-- Task input follows --

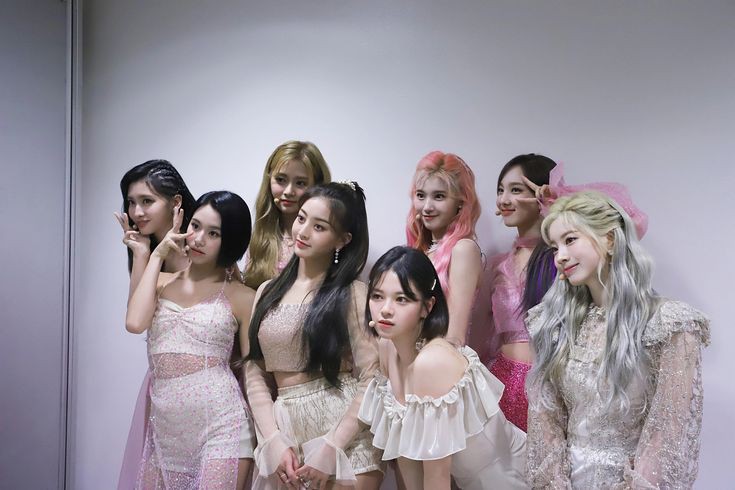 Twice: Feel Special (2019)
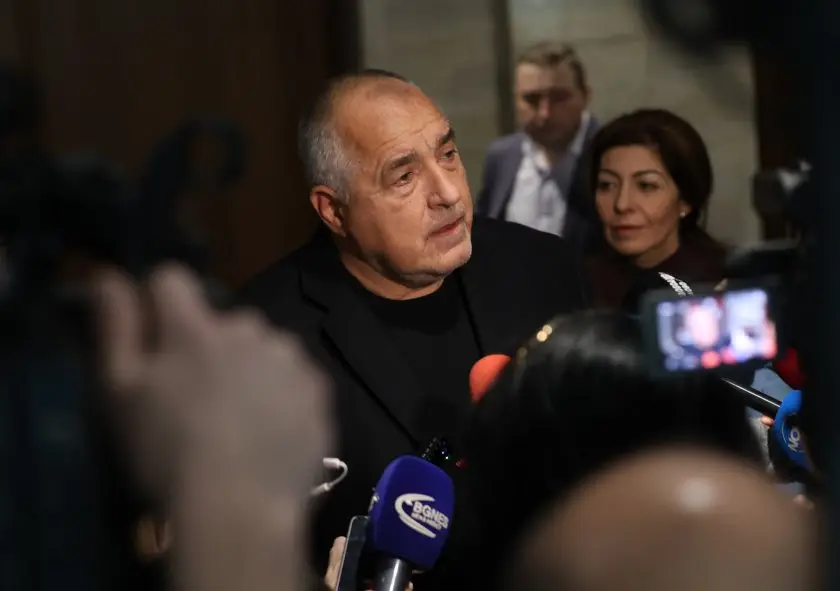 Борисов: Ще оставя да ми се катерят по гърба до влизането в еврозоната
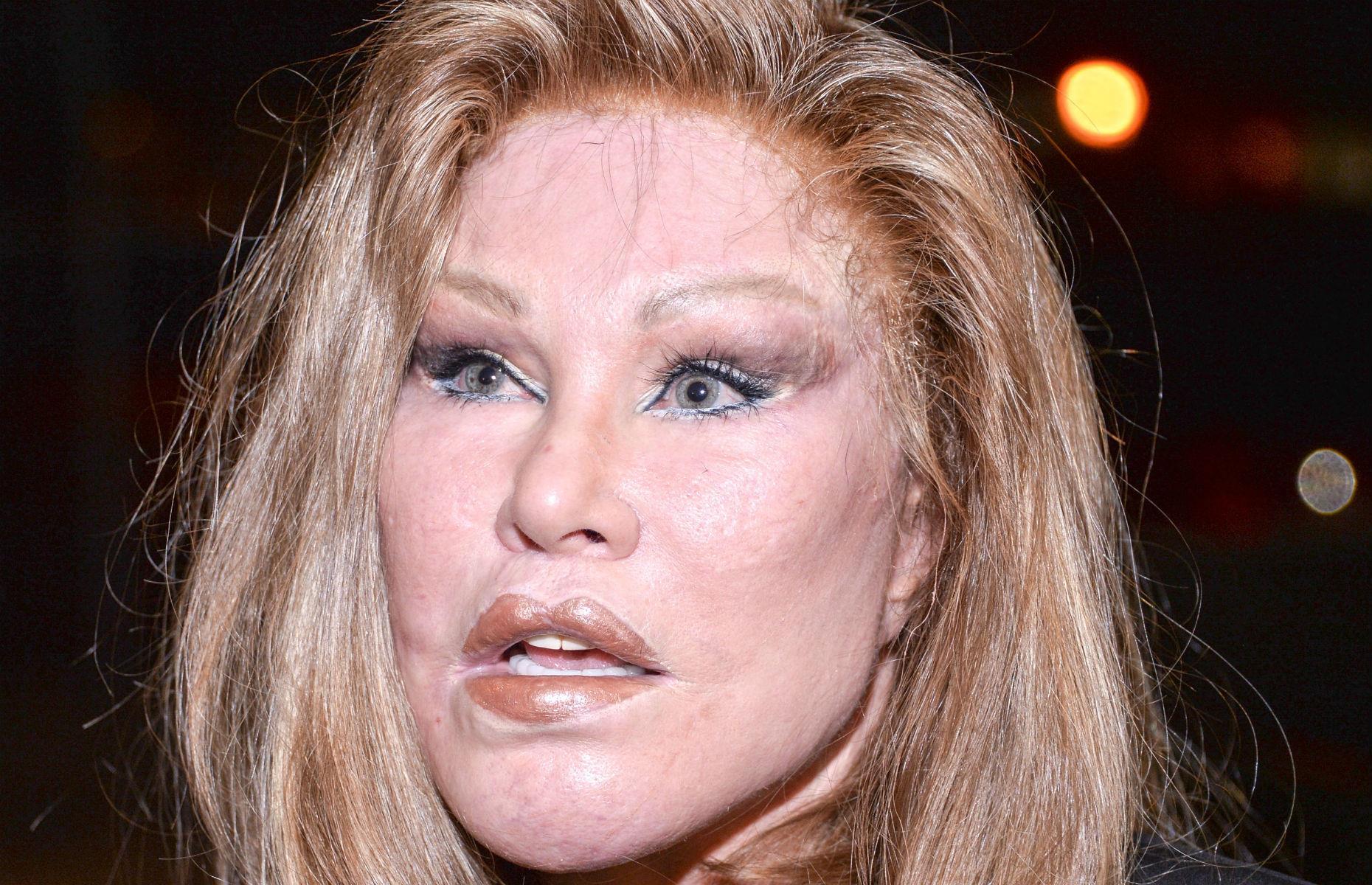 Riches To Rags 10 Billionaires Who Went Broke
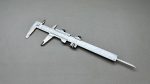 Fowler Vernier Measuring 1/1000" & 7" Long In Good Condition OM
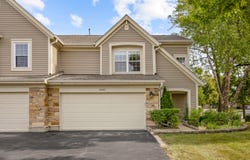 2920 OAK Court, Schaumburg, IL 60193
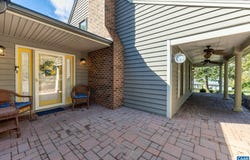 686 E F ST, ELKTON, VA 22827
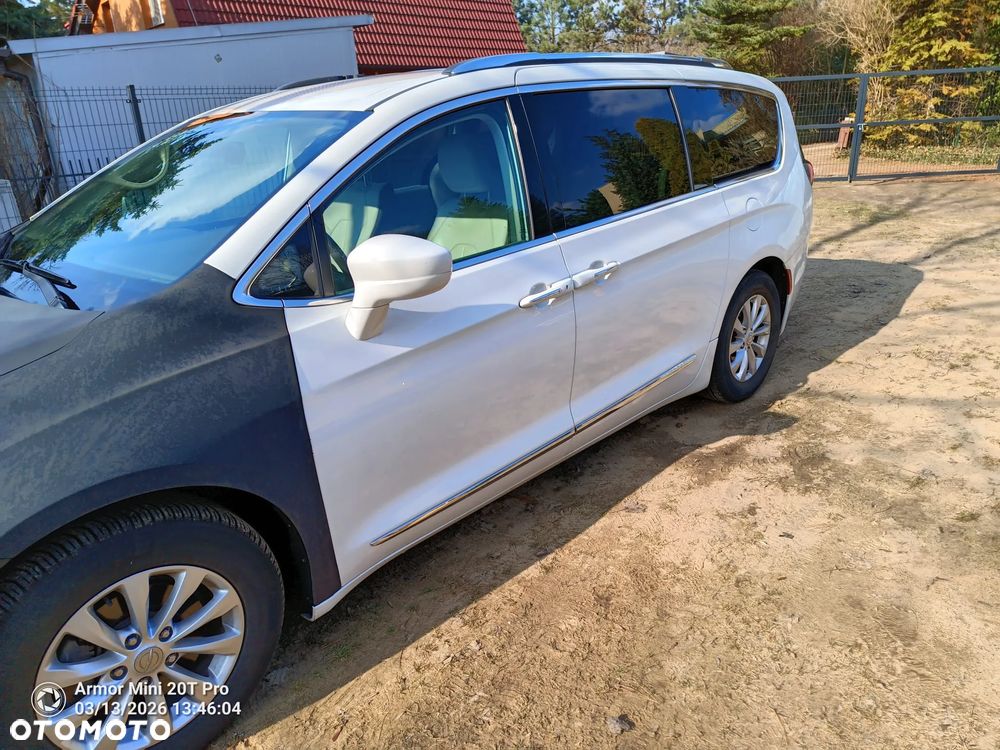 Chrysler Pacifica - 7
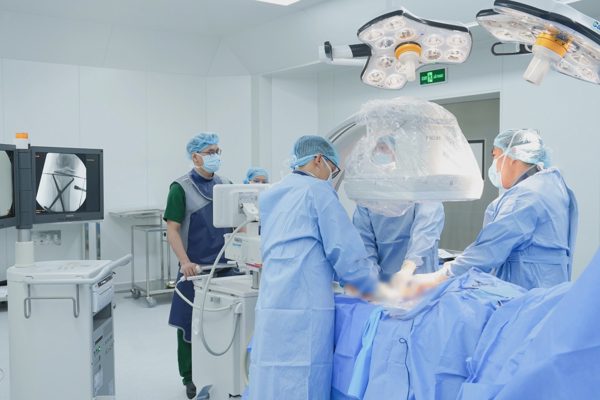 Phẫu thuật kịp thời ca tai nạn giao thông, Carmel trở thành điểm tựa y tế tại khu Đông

-- Task input concluded --
-- Task input follows --

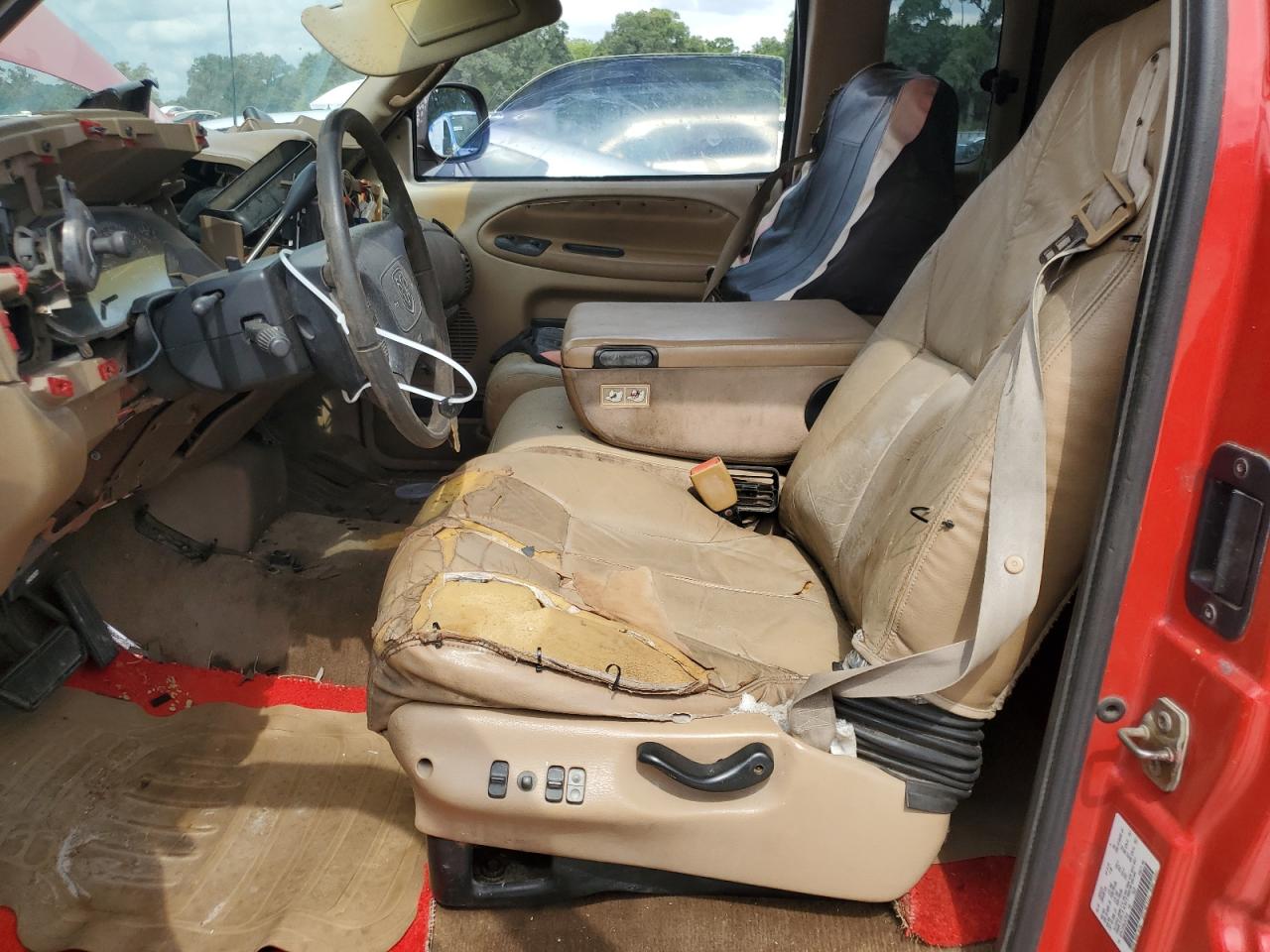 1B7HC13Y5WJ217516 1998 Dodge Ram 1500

-- Task input concluded --
-- Task input follows --

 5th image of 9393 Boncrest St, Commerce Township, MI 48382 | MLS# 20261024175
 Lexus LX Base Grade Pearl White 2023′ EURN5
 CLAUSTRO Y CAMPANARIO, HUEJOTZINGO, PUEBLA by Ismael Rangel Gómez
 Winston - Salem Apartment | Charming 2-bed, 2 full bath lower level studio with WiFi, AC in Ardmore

-- Task input concluded --

Task directions -> An exact copy of the lines above, from the one containing "5th image of" down to the one containing "Winston - Salem" and including both, is the whole answer; retype it and nothing else.

Written reply ->
 5th image of 9393 Boncrest St, Commerce Township, MI 48382 | MLS# 20261024175
 Lexus LX Base Grade Pearl White 2023′ EURN5
 CLAUSTRO Y CAMPANARIO, HUEJOTZINGO, PUEBLA by Ismael Rangel Gómez
 Winston - Salem Apartment | Charming 2-bed, 2 full bath lower level studio with WiFi, AC in Ardmore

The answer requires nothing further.